Hello,
am 2012-12-11 20:16, schrieb James Lin:
If i have a code point: U+4E8C or "二"
In UTF-8, it's "E4 BA 8C" while in UTF-16, it's "4E8C".
Where is this "BA" comes from?
Cf. <http://skew.org/cumped/>.
Enclosed are the (almost original) version of “Cima’s Magic
UTF-8 Pocket encoder” (2004), and its two followers for
more UTFs. Display or print with a fixed-pitch font,
such as Lucida Console or Courier New. Enjoy!
Cheers,
Otto Stolz
Side 1 (print and cut out):
+------------+-------+-----------------------+------+
| U+0000 | yy zz | Cima's UTF-8 Magic | Hex= |
| U+007F | ! ! | Pocket Encoder | B-4 |
| YZ | . . | | |
+------------+-------+-------+ Vers. 1.1 | 0=00 |
| U+0080 | 3x xy | 2y zz | 30 June 2004 | 1=01 |
| U+07FF | 3. .. | 2. ! | | 2=02 |
| XYZ | . . | . . | M.C. | 3=03 |
+------------+-------+-------+-------+ | 4=10 |
| U+0800 | 32 ww | 2x xy | 2y zz | | 5=11 |
| U+FFFF | ! ! | 2. .. | 2. ! | | 6=12 |
| WXYZ | E . | . . | . . | | 7=13 |
+------------+-------+-------+-------+-------+ 8=20 |
| U-00010000 | 33 0v | 2v ww | 2x xy | 2y zz | 9=21 |
| U-000FFFFF | ! 0. | 2. ! | 2. .. | 2. ! | A=22 |
| VWXYZ | F . | . . | . . | . . | B=23 |
+------------+-------+-------+-------+-------+ C=30 |
| U-00100000 | 33 10 | 20 ww | 2x xy | 2y zz | D=31 |
| U-0010FFFF | ! 1. | 2. ! | 2. .. | 2. ! | E=32 |
| WXYZ | F 4 | 8 . | . . | . . | F=33 |
+------------+-------+-------+-------+-------+------+
Side 2 (print, cut out, and glue on back of side 1):
+---------------------------------------------------+
| Cima's UTF-8 Magic Pocket Encoder - User's Manual |
| (vers. 1.1, 30 June 2004, by Marco Cimarosti) |
| |
| - Left column: min and max Unicode scalar values: |
| pick the row that applies to the code point you |
| want to convert to UTF-8. Letters V..Z mark the |
| hexadecimal digits that have to be processed. |
| - Right column: hexadecimal to base-4 table. |
| - Central columns: work area to compute each octet|
| (1 to 4) that constitute UTF-8 octet sequences. |
| Convert each digit marked by V..Z from hex. to |
| b.-4. Write b.-4 digits on the dots placed under |
| letters v..z (two b.-4 digits per hex. digit). |
| Convert 2-digit base-4 number to hex. digits and |
| write them on the dots on the line.

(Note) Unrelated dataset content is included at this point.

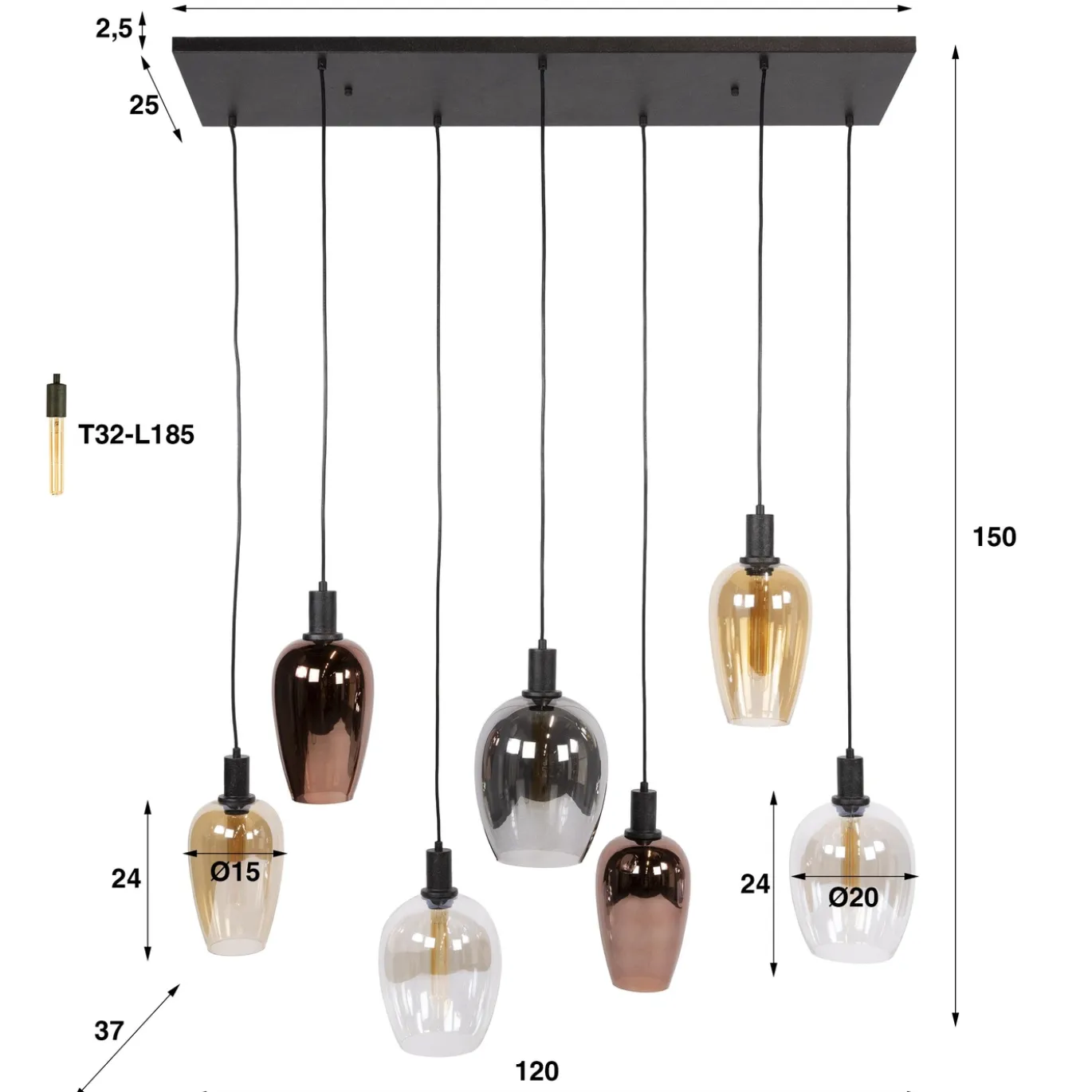 Hanglamp Amfora 7-lichts Artic Zwart - Giga Meubel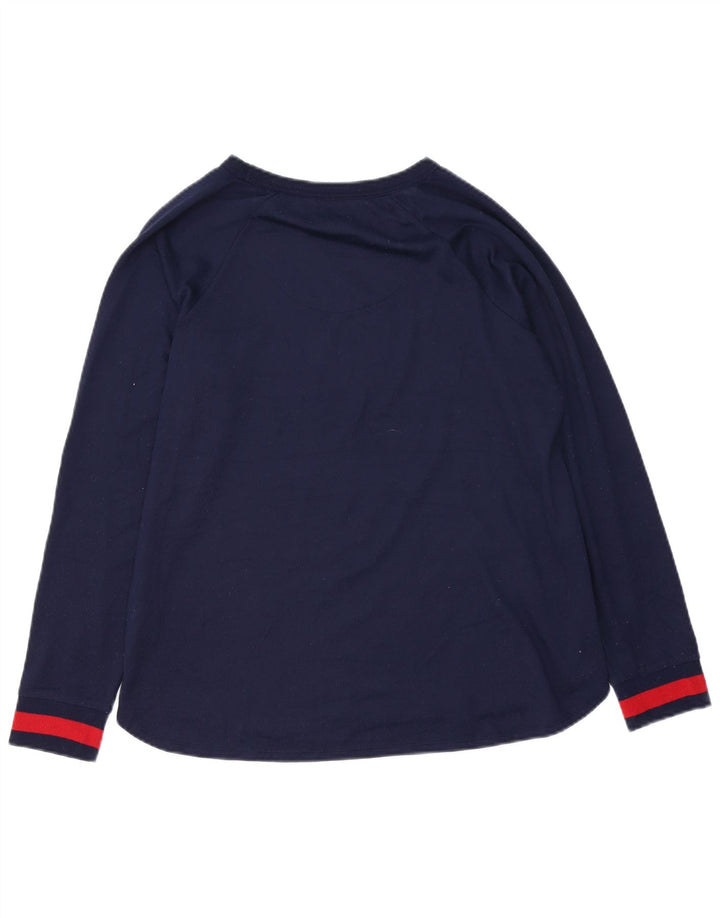DKNY Top gráfico para mujer manga larga UK 44 Poliéster azul marino medio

That is your |
| UTF-8 sequence in hex. ! Exclamation marks show |
| passages that may be skipped, either because the |
| digit is hard-coded, or because it may be copied |
| directly from the scalar value. |
+---------------------------------------------------+
Enjoy!
Marco
Obverse: Print with a fixed-width font, such as Lucida Console,
and cut out.
╔════════════╦═════════════╦═════════════════════════════════╗
║ U+0000 ║ W X Y Z ║ Otto’s Magic Pocket Encoder ║
║ U+D7FF ║ ! ! ! ! ║ for UTF-16 ╔═══════════════════╣
║ WXYZ ║ _ _ _ _ ║ ║ V>vv │ V>vv ║
╟────────────╫─────────────╢ Version 1.1 ║ U>uu │ U>uu ║
║ U+E000 ║ W X Y Z ║ ©2004-07-05 ║ tt<T │ tt<T ║
║ U+FFFF ║ ! ! ! ! ║ ║ _<__ │ _<__ ║
║ WXYZ ║ _ _ _ _ ║ ║ ────────┼──────── ║
╟────────────╫─────────────╚═════════════╣ 0=00 │ 13<8=20 ║
║ U-00010000 ║ 31 2t tu uv │ 31 3v Y Z ║ 00<1=01 │ 20<9=21 ║
║ U-000FFFFF ║ ! 2_ __ __ │ ! 3_ ! ! ║ 01<2=02 │ 21<A=22 ║
║ TUVYZ ║ D _ _ _ │ D _ _ _ ║ 02<3=03 │ 22<B=23 ║
╟────────────╫─────────────┼─────────────╢ 03<4=10 │ 23<C=30 ║
║ U-00100000 ║ 31 23 3u uv │ 31 3v Y Z ║ 10<5=11 │ 30<D=31 ║
║ U-0010FFFF ║ ! ! 3_ __ │ ! 3_ ! ! ║ 11<6=12 │ 31<E=32 ║
║ UVYZ ║ D B _ _ │ D _ _ _ ║ 12<7=13 │ 32<F=33 ║
╚════════════╩═════════════╧═════════════╩═══════════════════╝
....:....1....:....2....:....3....:....4....:....5....:....6..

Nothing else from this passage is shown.